Deep friendships that have developed through loss…Simon & Tiffany, Jeff & Heather, Marc & Amy, Will & Tina …conversations of memories, grief, and hope.
I remember planting flowers 'with' Kathryn when she was 1 in Dallas, planting an apple tree in Singapore, and thinking about planting something in China... Receiving tons of plants after her funeral, all of which eventually died and made me cry over again each time. I remember the joy of sending flowers to others, a comfort to another grieving friend in her name. Christmas Poinsettias, Easter Lilies… There’s something redemptive about flowers. They are bright and alive, at least for awhile. ‘Hannah’s Picket’ in Altus, and making her scrapbook.
I remember multiple writings… letters from friends; writing down memories so I won’t forget details as time passes; writing reflections about how her life has changed me; writing about making sense of suffering; writing about fascinating conversations I’ve shared with Kathryn; suggestions about 'How NOT to help your grieving friend'; A Psalm of Lament & A Psalm of Praise, paralleling Hannah’s and Kathryn’s births; writing various articles-- In My Experience, Redemption and an Apple Tree, My Story, Her Story, His Story, Bring Me to Jesus.

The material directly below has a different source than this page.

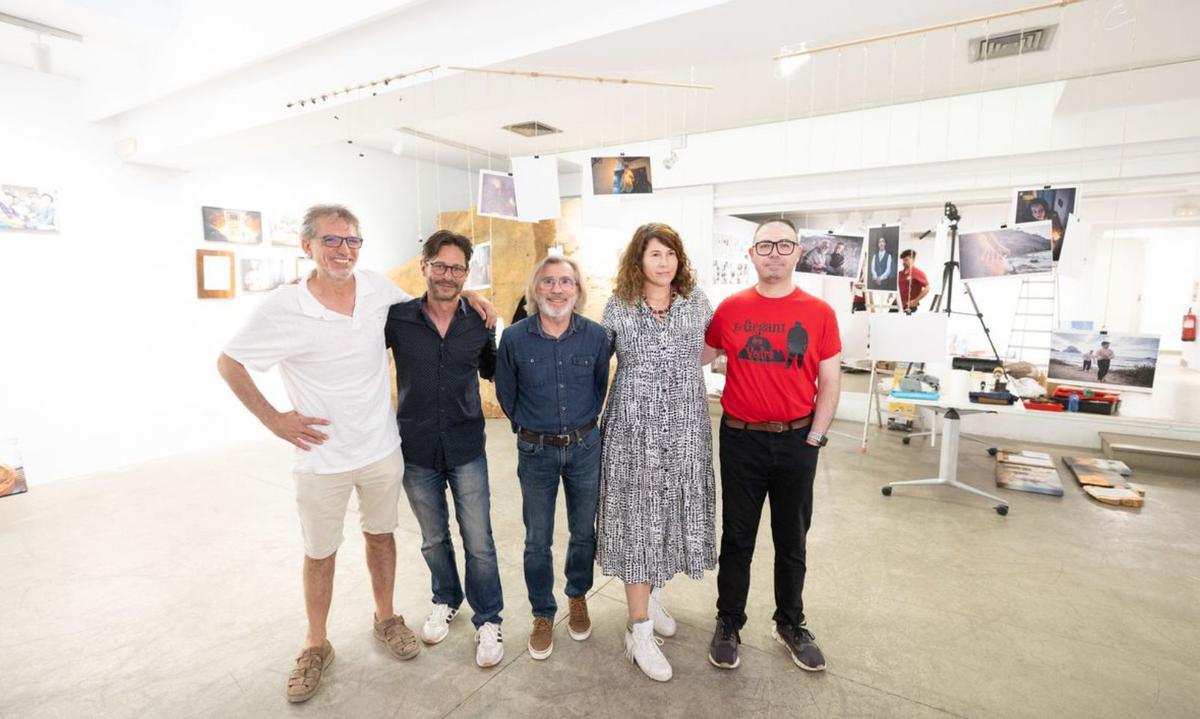 Pablo Alcántara, Toni Planells, Miquel Costa, Ana Olivia Fiol y Héctor Escandell.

I have followed blogs processing the grief of loss with great interest, in many ways continuing to process my own. Knox Memories, As I Journey Home, Bring the Rain… I have read several books about loss, only two of which I found profoundly helpful-- Lament for a Son by Nicholas Wolterstorff and A Grace Disguised by Jerry Sittser.
Ironically, I just stopped to open my email to write a note to friends who were expecting their daughter to be born stillborn soon…Jim had just forwarded a message from him asking if we could pass along our funeral service program and the letter we sent out after Hannah died. In this vein, there are little ways her life has been 'helpful' to others, but nothing that feels worthy of her death.

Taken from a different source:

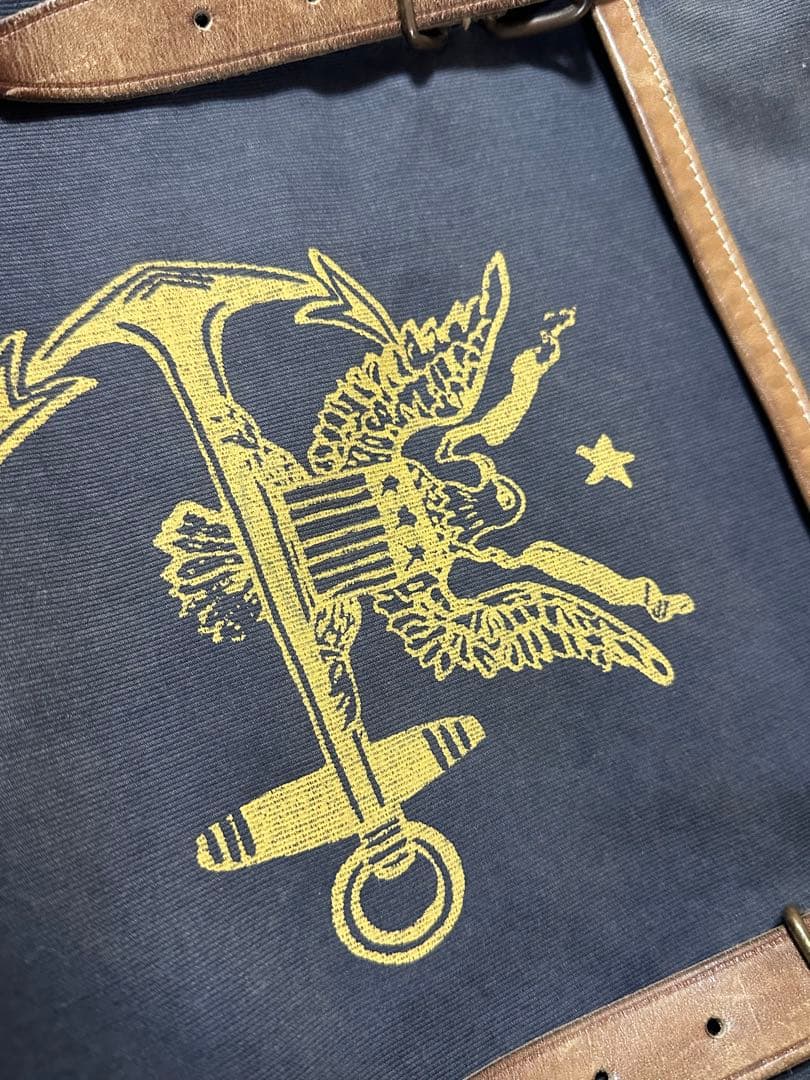 RRL ダブルアールエル ネイビー キャンバス バッグ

Hannah, mommy remembers you. Your dark blonde hair and your deep blue eyes; Your button nose and your tiny fingers curled around mine. Your soft rosy cheeks and your perfect toes. I remember.
Though you cannot see Him in the night, trust Him with joy for the morning light
As He enables, spend your grieving energies on His wonder.

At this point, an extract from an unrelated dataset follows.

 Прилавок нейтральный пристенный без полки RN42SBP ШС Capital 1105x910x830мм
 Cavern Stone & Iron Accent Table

For He will greet you not with answers, but with showers of His goodness
He will cradle your longing in His own bosom,
And cause the yearning of your heart to bubble forth as a spring of new birth.
I am still awaiting that day!
You know the one thing I’ve yet to write? Her story. Memories, reflections, dialogue, snippets—yes. But I’ve never written out her story. It would write much different at 7 years than at 1 year… I’m not committing to it, I’m just chewing on the idea. You can ask me about it next year:) But for today, I’m simply reflecting on her life, this day, April 24, 2009.
Stocking Stuffers Under $10 For Everyone
4 days ago
3 comments:
Dear sweet Tracie,
It's almost the 24th here, and I'm remembering Hannah, too. It's natural for me because Hannah's birth is tied so many ways to our John's. Have I ever told you that we got the news of Hannah's death (you losing your first child) and John's birthmother picking us (me "having" mine) within an hour of each other? My heart was all over the map that day.
John always has a tender place in his heart for you and Hannah, too...he is always so moved by the story of your milk. What a precious gift...what a precious bond.
Remembering her with you.
Waiting for that day with you.
I love you, dear friend.
Steph
So glad you shared this story, T. It is so great to read more about Hannah. Thanks for sharing from your heart. I will continue to pray for you guys. I know words can't describe what you've been through, and I can't imagine, but I can grieve with you, as your friend. Know you are loved!
Dear, Tracie,
Just catching up (finally) on blog posts, but I wanted to still write to say I am remembering Hannah with you. Although I understand the mouth of your well of tears is "not always freely flowing" but still "remains open," I do so look forward to meeting her at Home and witnessing your sweet reunion.